Mit Urteil vom 30.09.2015 – BVerwG 6 C 45.14 hat das Bundesverwaltungsgericht in Leipzig entschieden, dass eine Universität für die Zulassung eines Promotionsbewerbers einem strafbaren Verhalten nur insoweit Relevanz beimessen dürfe, als wissenschaftsbezogene Straftaten in Rede stehen. Sie dürfe deshalb im Promotionszulassungsverfahren kein Führungszeugnis verlangen.

In dem zugrunde liegenden Fall hatte die Universität dem Kläger den Doktortitel wegen Täuschung über Zulassungsvoraussetzungen wieder entzogen. Der Kläger hatte entsprechend der Promotionsordnung ein Führungszeugnis vorgelegt, das keine Eintragungen enthielt, obwohl er im Zeitpunkt des Antrages auf Zulassung zur Promotion rechtskräftig wegen sexueller Nötigung zu einer Freiheitsstrafe von einem Jahr und sechs Monaten verurteilt war. Die Universität war der Auffassung, dass der Kläger im Zulassungsverfahren die noch nicht eingetragene Verurteilung hätte offen legen müssen. Da dies unterblieben war, hatte sie zum Schutze ihres Rufes den Doktortitel wegen Täuschung über die Zulassungsvoraussetzung entzogen. Die hiergegen gerichtete Klage wiesen das Verwaltungsgericht Chemnitz und das Sächsische Oberverwaltungsgericht zurück.

Das Bundesverwaltungsgericht änderte diese Entscheidungen und hob den Bescheid über die Entziehung des Doktortitels mit folgender Begründung auf. Die Promotionsordnung enthielt die übliche Regelung, dass dem Zulassungsantrag ein Führungszeugnis nicht älter als drei Monate beizufügen ist. Das Oberverwaltungsgericht war der Auffassung, darin sei auch die Pflicht enthalten, über noch nicht eingetragene Vorstrafen aufzuklären. Die Promotionsordnung enthielt allerdings keine Regelung zu den möglichen Folgen einer eingetragenen Vorstrafe.
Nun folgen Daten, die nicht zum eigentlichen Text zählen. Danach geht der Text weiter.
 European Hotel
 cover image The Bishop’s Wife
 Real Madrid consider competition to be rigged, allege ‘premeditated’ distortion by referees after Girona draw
Das Bundesverwaltungsgericht sah insoweit einen Verstoß gegen die Grundrechte des Klägers auf Berufsfreiheit, auf Wissenschaftsfreiheit und auf informationelle Selbstbestimmung. Die Universität dürfe bei der Zulassung zur Promotion – wie auch bei der nachträglichen Entziehung eines Doktorgrades wegen Unwürdigkeit – lediglich wissenschaftsrelevante Straftaten berücksichtigen. Zu Werturteilen außerhalb der Wissenschaft seien die Universitäten nicht berufen. Deshalb sei die Regelung unzulässig, wonach grundsätzlich jeder strafrechtlichen Verurteilung, die in einem Führungszeugnis einzutragen ist und noch nicht wieder gelöscht wurde, eine Relevanz für die Promotionszulassung zukomme. Es fehle deshalb auch an einer Grundlage für die Pflicht zur Vorlage eines Führungszeugnisses.

Diese Entscheidung schließt es zwar nicht aus, wissenschaftsrelevante Straftaten im Rahmen des Promotionszulassungsverfahrens zu berücksichtigen. Es bedarf hierzu aber einer Regelung in der Promotionsordnung, die die Erklärungspflichten zu relevanten Vorstrafen und die daran anknüpfenden Rechtsfolgen ausreichend bestimmt.